Ruihan Zhang

Overview

This work addresses a fundamental challenge in trustworthy AI: how to guarantee that a neural network treats similar individuals fairly, regardless of their sensitive attributes.

Existing approaches either verify fairness after training — which is expensive and does not scale — or apply post-hoc corrections that offer no formal guarantee. We ask a different question:

Can we train a neural network such that individual fairness is guaranteed by construction, throughout the entire training process?

Motivation

Illustration of biased model output on sensitive attributes

Machine learning models increasingly drive high-stakes decisions in hiring, lending, healthcare, and law. When these models encode biases against sensitive attributes — such as race or gender — the consequences are severe and often invisible to those affected.

Individual fairness requires that similar individuals receive similar outcomes, regardless of their sensitive features. This is a stronger and more precise guarantee than group fairness, but it is also much harder to certify.
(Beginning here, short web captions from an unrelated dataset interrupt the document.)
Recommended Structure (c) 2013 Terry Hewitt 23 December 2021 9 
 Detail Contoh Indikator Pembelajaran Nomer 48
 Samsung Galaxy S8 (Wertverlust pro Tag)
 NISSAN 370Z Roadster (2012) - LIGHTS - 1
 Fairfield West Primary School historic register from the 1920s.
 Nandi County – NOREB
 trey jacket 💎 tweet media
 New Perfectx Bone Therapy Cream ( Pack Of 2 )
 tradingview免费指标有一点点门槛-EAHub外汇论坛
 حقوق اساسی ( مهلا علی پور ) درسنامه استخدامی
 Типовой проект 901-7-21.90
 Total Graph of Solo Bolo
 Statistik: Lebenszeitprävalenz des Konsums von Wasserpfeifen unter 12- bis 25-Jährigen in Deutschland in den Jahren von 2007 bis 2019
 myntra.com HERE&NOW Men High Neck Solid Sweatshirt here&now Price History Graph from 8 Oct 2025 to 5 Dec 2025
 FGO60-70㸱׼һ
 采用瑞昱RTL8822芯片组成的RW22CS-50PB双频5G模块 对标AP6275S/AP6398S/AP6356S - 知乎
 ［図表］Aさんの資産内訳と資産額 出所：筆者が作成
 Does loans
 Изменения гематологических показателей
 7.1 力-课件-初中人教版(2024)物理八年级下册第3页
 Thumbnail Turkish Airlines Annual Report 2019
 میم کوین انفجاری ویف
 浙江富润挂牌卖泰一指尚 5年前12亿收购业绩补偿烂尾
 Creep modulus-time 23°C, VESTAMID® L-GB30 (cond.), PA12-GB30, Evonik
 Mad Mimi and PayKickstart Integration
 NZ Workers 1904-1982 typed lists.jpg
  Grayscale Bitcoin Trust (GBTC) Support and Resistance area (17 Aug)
The standard approach is to train a model first and verify fairness afterwards. But verification requires exploring a large or infinite input space, and it provides no guarantee that the model will remain fair under further updates. As Dijkstra noted:

Program testing can be used to show the presence of bugs, but never to show their absence.

The same applies to fairness: testing can reveal unfairness, but it cannot certify its absence.

Key Idea: Correct-By-Construction

Correct-by-construction principle: fair initialization plus fairness-preserving updates

Instead of verifying fairness after training, we embed it as an invariant throughout training.

The correct-by-construction principle has two components:

Fair initialization: start with a model that is provably fair, even if it has low utility.
Fairness-preserving updates: train using a procedure that guarantees fairness is maintained at every step.

If both conditions hold, the final model is certified fair — not because we checked it afterwards, but because it was never allowed to become unfair.

Approach

Our approach rests on three lemmas.

Lemma 1 — Fair initialization exists. There always exist parameter settings under which a neural network produces identical outputs for all sensitive attribute values. A simple strategy is near-zero random initialization, which satisfies this condition while remaining trainable.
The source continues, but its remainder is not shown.